RAG in 30 Seconds
- RAG gives AI access to your specific documents at query time
- The model searches first, then answers using what it finds
- No retraining required — you just add documents to the database
- It is why AI can answer questions about your company's internal data
- Most enterprise AI tools use RAG under the hood
The Problem RAG Solves
Large language models like GPT-5.4 or Claude are trained on enormous amounts of internet text up to a certain date. They know a lot about the world in general — but they know nothing about your company's internal documents, your customer database, last week's meeting notes, or any information that wasn't in their training data.
The obvious solution — retrain the model on your private data — is prohibitively expensive. Training a frontier model costs tens of millions of dollars and takes months. Even fine-tuning a smaller model on your data costs thousands of dollars and requires ML expertise.
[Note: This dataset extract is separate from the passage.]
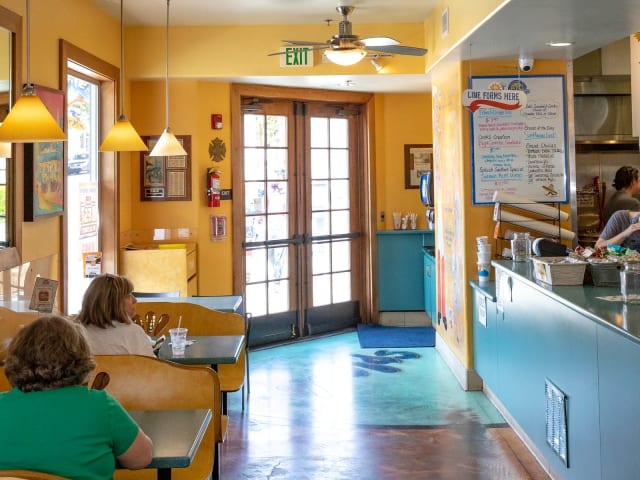 Splash Café by Jakob Layman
RAG solves this problem elegantly. Instead of changing the model, you give it access to a searchable database of your documents at the time of each query. The model doesn't need to have memorised your data — it just needs to be able to find and read the relevant parts on demand.
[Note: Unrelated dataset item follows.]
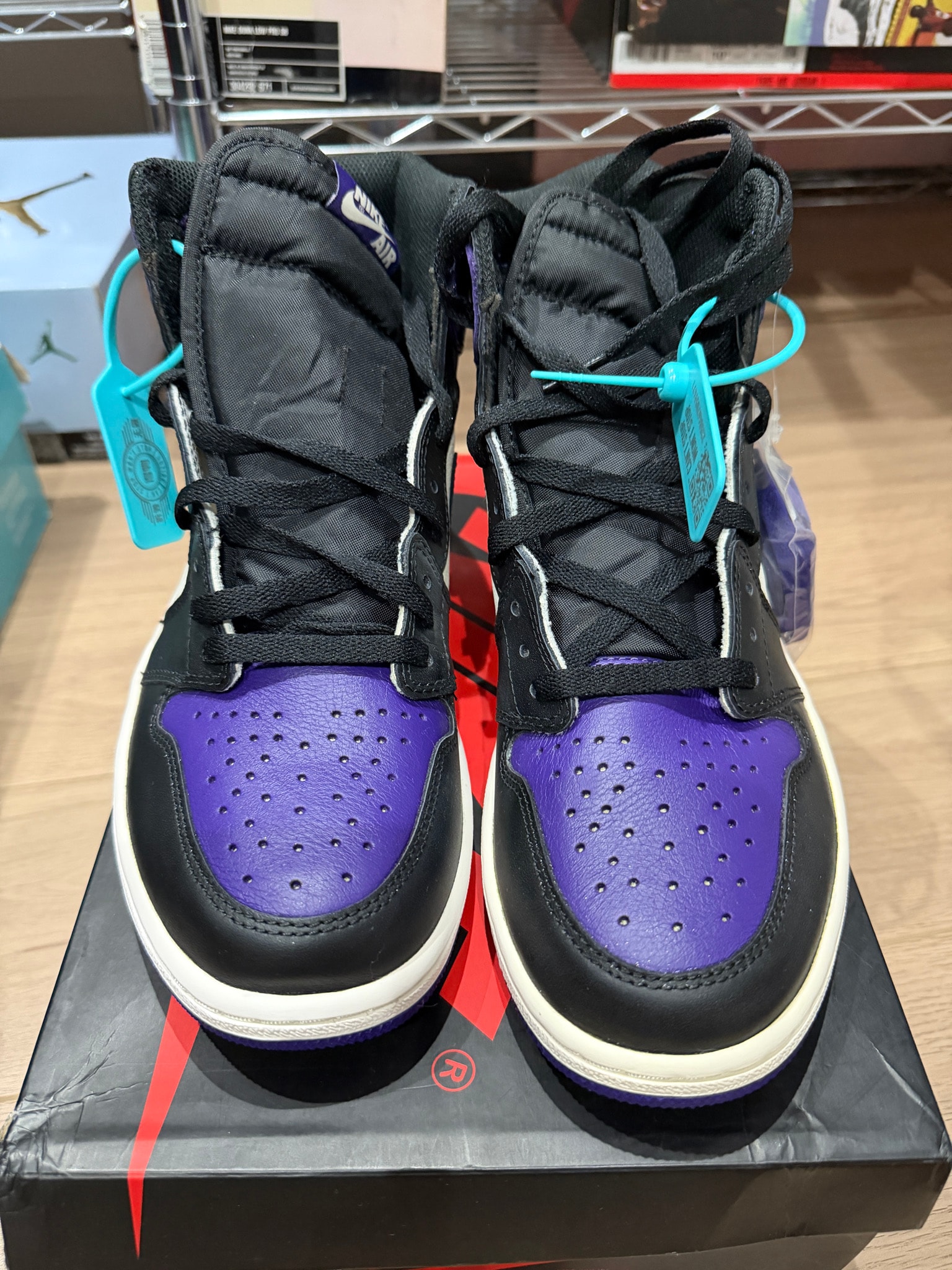 Nike Air Jordan 1 Retro High OG "Court Purple" (2018)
How RAG Works — Step by Step
- Document ingestion: Your documents (PDFs, Word files, emails, database records, web pages) are processed and split into chunks — typically 200-500 word segments.
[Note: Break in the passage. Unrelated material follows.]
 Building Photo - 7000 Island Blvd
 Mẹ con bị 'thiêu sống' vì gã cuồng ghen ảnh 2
- Embedding: Each chunk is converted into a vector — a list of numbers that represents the meaning of that text. Similar chunks get similar vectors. This is done by a separate embedding model.
- Storage: All these vectors are stored in a vector database, alongside the original text they represent.
- Query: When you ask a question, your question is also converted to a vector using the same embedding model.
- Retrieval: The system finds the document chunks whose vectors are closest to your question vector — i.e., the chunks most likely to contain relevant information.
- Generation: The retrieved chunks are included in the prompt sent to the language model, along with your question. The model reads the relevant text and generates an answer based on it.
Simple analogy: Imagine you asked a very smart assistant a question. Instead of answering from memory, they first ran to a filing cabinet, pulled out the most relevant documents, read them quickly, and then answered your question using what they just read. That is RAG.
Why Vectors and Not Keywords?
Traditional search uses keywords — it finds documents that contain the same words as your query. This works for exact matches but fails when the concept you're looking for is described differently in the document than in your question.
Vector search finds documents based on meaning. If you ask "what is our refund policy?" it will find the document titled "Customer Returns Procedure" even though none of those words appear in your question. It understands that these topics are semantically related.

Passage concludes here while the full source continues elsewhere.